蟠りを察してくれたのは、両親とランダルだけだ。彼は幼い頃、こう騒いで、お婆さんに本名で呼びつけられ、拳骨を食らった――ミオは天使じゃない、何も特別なことできないんだから――その純粋な否定が嬉しくて、私は彼の名を憶え、友達になった。天使と呼ばれれば、やめてと素直に言える仲に。
しかしまさかその裏を返して、彼が私の変化に気づくとは。
「……橋を新しく架け替えるでしょ。何だか不安で。もうあんな事故はごめんだもの」
「そのことか。大丈夫だよ、うちの村は木工でもってるんだ。材料も技術も売るほどある。前のより頑丈に作って、定期点検すれば安心だ」
「皆の腕は信頼してるわ。でも……。私が本当に天使だったら、もっと安全な橋を架けられたかな」
ランダルは今度こそ「らしくない」と声に出し、笑った。両親の肖像の横からずんぐりした人形を取って、私をあやすように揺する。
「勿忘草の天使は、橋職人じゃないだろ。現実的に、作って売って貢献しようぜ。この人形とか、面白いから売れそうだよな。
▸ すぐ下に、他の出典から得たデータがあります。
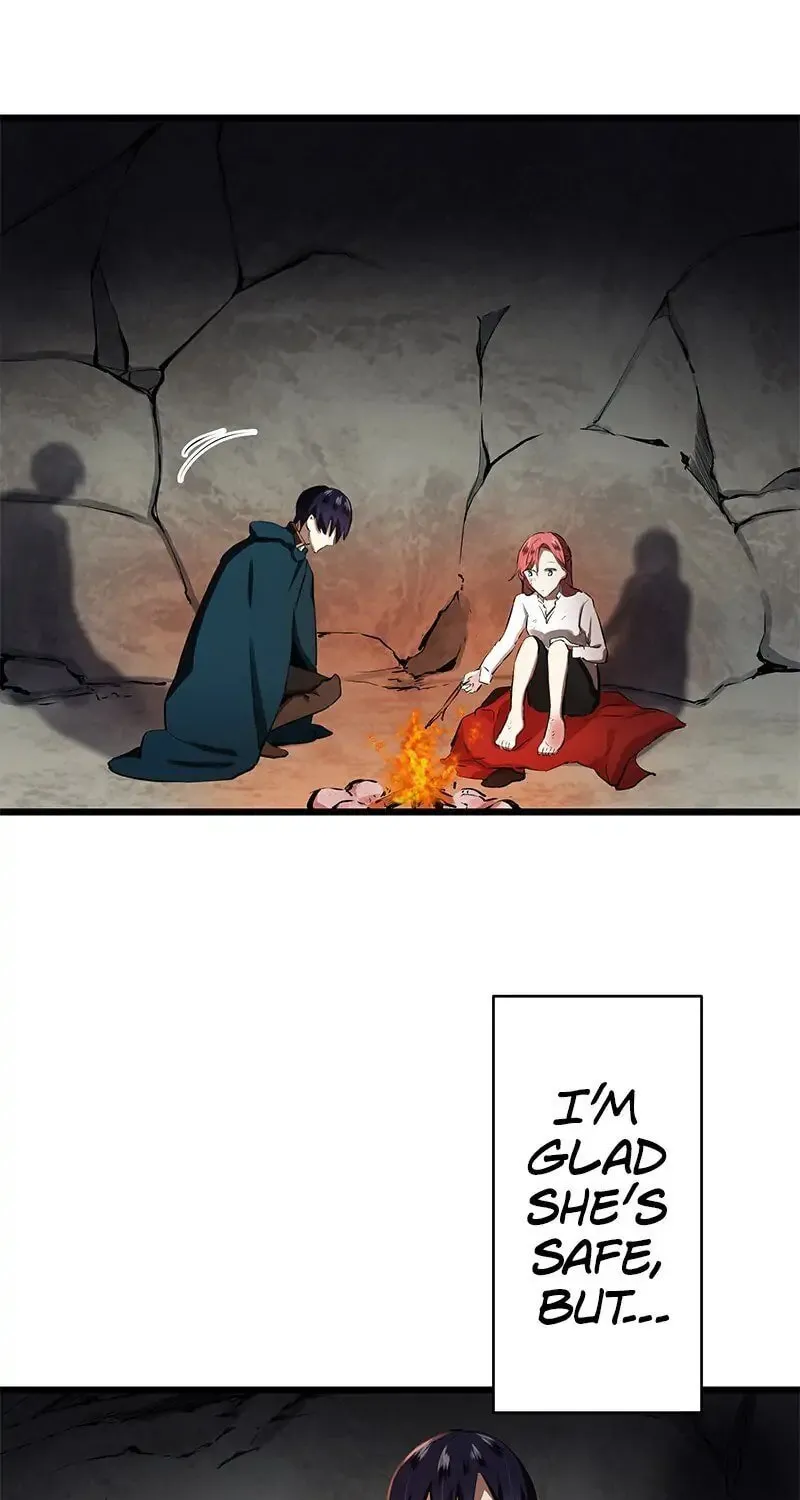 Nullitas ~The Counterfeit Bride~ Chapter 32 page 24 -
量産するか」
勿忘草を持つ少女の描かれた人形が、カタカタと音を立てた。両親の遺作となった、入れ子人形。大きな一体に見えるが、人形の中にまた人形と、四体が内側に収まっている。全部で五体、勿忘草の花弁の数だと、考案者の父から聞いた。
そう、話に聞いただけだ。私はこの人形がどうも苦手で、実は開けてみたことがない。
両親は、新製品ができると一作目を必ず私にくれた。この入れ子人形も。ただし、初めての条件付きで。
――ミオ、これは君から着想を得て作ったんだ。君自身のように、愛してほしいな。
――それができるようになったらでいいわ、この子をあなたのものにするのは。
おそらく製作段階の頃から、人形に近づかない私に気づいていたのだろう。
両親の作品は全部愛しいのに、入れ子人形は、と言うより人形を開けるのが怖い。どれが本当のこの子なのか、ほかの子は何者なのか。答えの出ない疑問が、渦を巻く。
そんな人形を、量産?
返答に窮していると、ランダルは人形をそっと置き直した。
「まあ、また何か案出せよ。俺は工房に行くけど、おまえ、今日は休みだろ。広場に行商隊が来てるから見て来いよ。刺激になって、創作意欲が湧くかも」
水を呷って出て行きかけ、玄関で振り返る。彼に同じことを言わせまいと、私は食卓で匙を取った。